Es ist der 8. März 2022. Ein Tag, der wie jedes Jahr den Frauen gebührt, und dazu da ist, auf Gleichstellungsmissstände in der Gesellschaft aufmerksam zu machen. Die Diskussionen über Frauenquote, Gender Pay Gap oder Teilzeitfalle fielen 2022 aber wohl weniger scharf aus. Denn die Welt blickt auf den Krieg in der Ukraine und der überschattet die sonst – zu Recht – wichtigen Frauenthemen.

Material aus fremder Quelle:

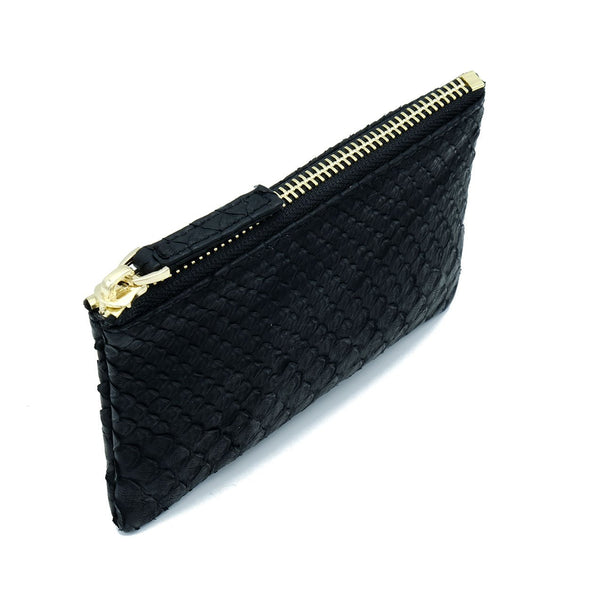 Snakeskin & Python Black Coin Purse or Zip Pouch | Urban Story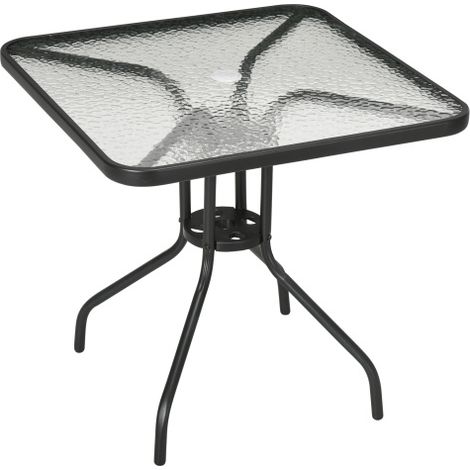 Gartentisch Metall 76x76 cm quadratisch, wetterfester Balkontisch mit Schirmloch, abnehmbarer Outdoor Tisch für Terrasse, Garten, Camping, schwarz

Der diesjährige Weltfrauentag gehört den ukrainischen Frauen, ihren Kindern und Ehemännern. Die Gedanken sind bei ihnen und in den Kriegs- und Krisengebieten weltweit. Denn Kämpfe, unter denen vor allem Frauen und Kinder täglich leiden, gibt es nicht erst seit dem 24. Februar, dem Tag, an dem russische Soldaten in die Ukraine einmarschierten. Dass dieser Krieg die Welt erschüttert, liegt vielleicht daran, dass er nicht nur auf brutale Weise das europäische Sicherheitsgefühl, sondern auch das persönliche angegriffen hat.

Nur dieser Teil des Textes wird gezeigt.